WHAT THE TASK ASKS |
In your copy of the listing below, reproduce each word exactly and include no pictures.

EXTRACTED INFORMATION |

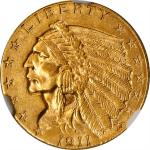 1911-D Indian Quarter Eagle. Strong D. MS-64 (NGC).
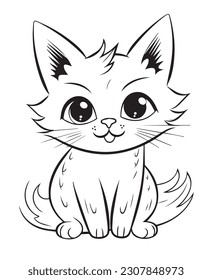 Ilustración de vector de gatos de dibujos animados, página de coloreado de gatos para niños y adultos. Diseño de impresión, diseño de camisetas, diseño de tatuajes, arte mural, mascota de gatos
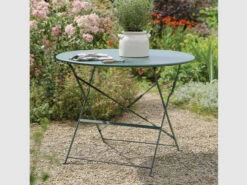 Rive Droite Bistro Table Large In Forest Green - Steel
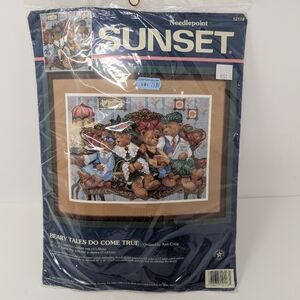 Sunset Needlepoint Kit Beary Tales Do Come True Teddy Bears 12118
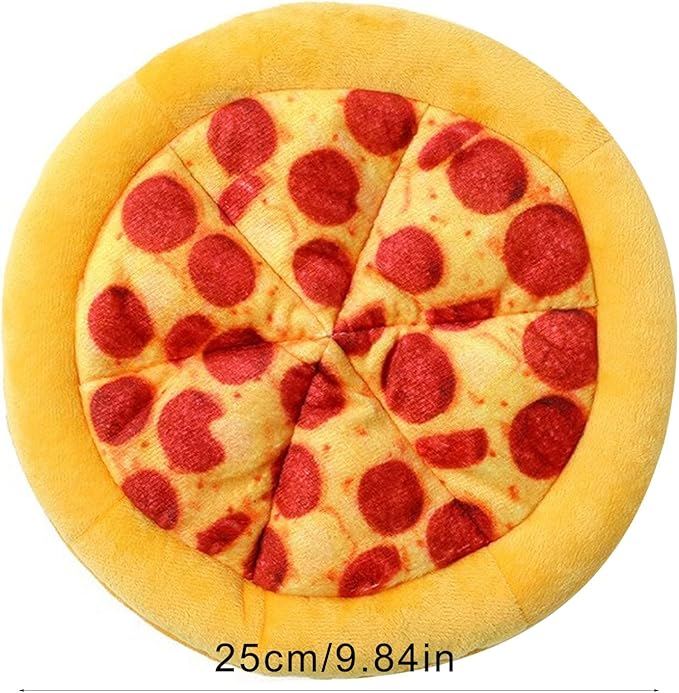 Chew Friendly Plush Pizza Pet Toy for Dog and Cats Realistic Pizza with Squeaker Perfect for Indoor Interaction Play Interaction Toy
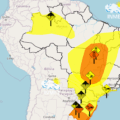 O aviso é de risco com perigo potencial válido de hoje (8) até às 10h desta terça-feira (9). (Reprodução)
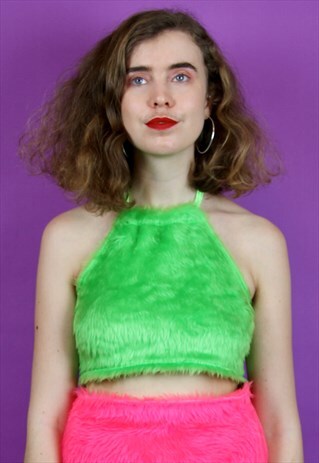 LIME GREEN FAUX FUR HALTER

EXERCISE RESULT |
 1911-D Indian Quarter Eagle. Strong D. MS-64 (NGC).
 Ilustración de vector de gatos de dibujos animados, página de coloreado de gatos para niños y adultos. Diseño de impresión, diseño de camisetas, diseño de tatuajes, arte mural, mascota de gatos
 Rive Droite Bistro Table Large In Forest Green - Steel
 Sunset Needlepoint Kit Beary Tales Do Come True Teddy Bears 12118
 Chew Friendly Plush Pizza Pet Toy for Dog and Cats Realistic Pizza with Squeaker Perfect for Indoor Interaction Play Interaction Toy
 O aviso é de risco com perigo potencial válido de hoje (8) até às 10h desta terça-feira (9). (Reprodução)
 LIME GREEN FAUX FUR HALTER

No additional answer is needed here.